**Source material:**

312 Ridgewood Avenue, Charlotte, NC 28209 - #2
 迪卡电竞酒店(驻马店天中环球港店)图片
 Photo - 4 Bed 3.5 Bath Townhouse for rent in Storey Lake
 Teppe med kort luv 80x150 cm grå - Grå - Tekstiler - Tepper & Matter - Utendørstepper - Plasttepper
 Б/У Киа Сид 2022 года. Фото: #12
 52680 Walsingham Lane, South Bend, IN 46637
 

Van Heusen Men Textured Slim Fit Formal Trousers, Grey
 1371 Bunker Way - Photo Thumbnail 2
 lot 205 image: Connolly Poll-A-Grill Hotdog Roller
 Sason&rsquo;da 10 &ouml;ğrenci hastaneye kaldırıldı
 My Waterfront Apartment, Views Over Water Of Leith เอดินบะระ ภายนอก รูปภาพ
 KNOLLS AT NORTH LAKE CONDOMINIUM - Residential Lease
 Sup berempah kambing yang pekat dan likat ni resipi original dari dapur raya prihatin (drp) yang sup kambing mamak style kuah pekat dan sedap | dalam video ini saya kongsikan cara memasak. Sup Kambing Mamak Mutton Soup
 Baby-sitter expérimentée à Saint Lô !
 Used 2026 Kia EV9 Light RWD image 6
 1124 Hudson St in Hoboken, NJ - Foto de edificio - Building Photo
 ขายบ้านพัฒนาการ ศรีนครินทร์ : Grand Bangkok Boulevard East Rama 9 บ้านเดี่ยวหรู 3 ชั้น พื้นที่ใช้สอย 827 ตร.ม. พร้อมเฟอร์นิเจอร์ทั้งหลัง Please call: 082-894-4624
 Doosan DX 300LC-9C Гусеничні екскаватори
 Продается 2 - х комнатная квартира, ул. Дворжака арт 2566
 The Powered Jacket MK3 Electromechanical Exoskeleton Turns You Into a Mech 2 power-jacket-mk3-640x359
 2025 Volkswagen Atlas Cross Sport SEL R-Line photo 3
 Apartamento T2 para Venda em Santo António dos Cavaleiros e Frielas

**Activity:** If a line holds the string "image", it counts; please state how many such lines there are in the data, with nothing more.

**Written response:** 2